Even if you are wearing a stainless steel bowl on your head? :shock: :shock: That's depressing news.  :lol: :lol: 
Cheers
Mike


----------



## Astro (Nov 27, 2006)

what stones...where????

as for pfd's you need to decide how safe you want to be...personally i feel that only need something to keep me up right, if i black out etc...and fall overboard then too bad...my times up

but unless in a surf zone leash yourself to your yak...i know i will be when i get the AI...current and wind will blow a yak far quickly...imagine if it had a sail...

go with a buddy if possible if not start out slow in quiet areas if possible so you can get your confidence and skills without having to worry about jet skis etc
learn to swim, learn from someone experienced and don't be afraid to ask

get out jump off and tip over yak...and then do in reverse....try in the shallows so you gain an understanding of how heavy your yak will be to right and how hard/easy it is to get back on....do not try this in deep and/or fast water (check youtube)

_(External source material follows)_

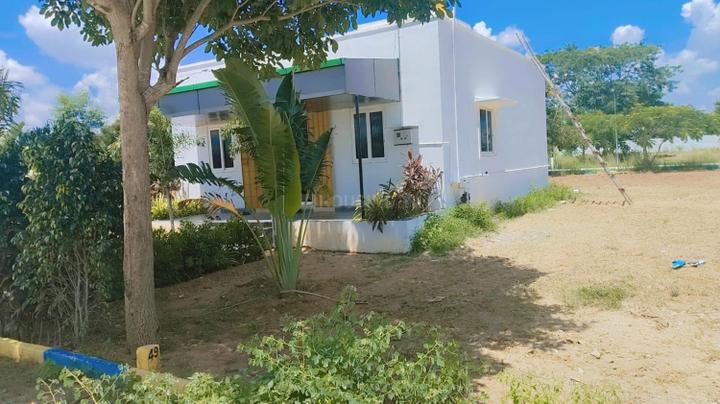 Rathis Nandavanam Main Image 1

i was trained through sea scouts for both sailing and kayaking, we did worst case scenarios, rescues, capsizing etc..i even got badges for it... 8) i have maintained those skills by actively pursuing my hobby and will brush up on the sailing angle once i upgrade

from what i see here is there are a lot of experienced and safety conscious members...it's challenging to push the boundaries...just be prepared when you do


----------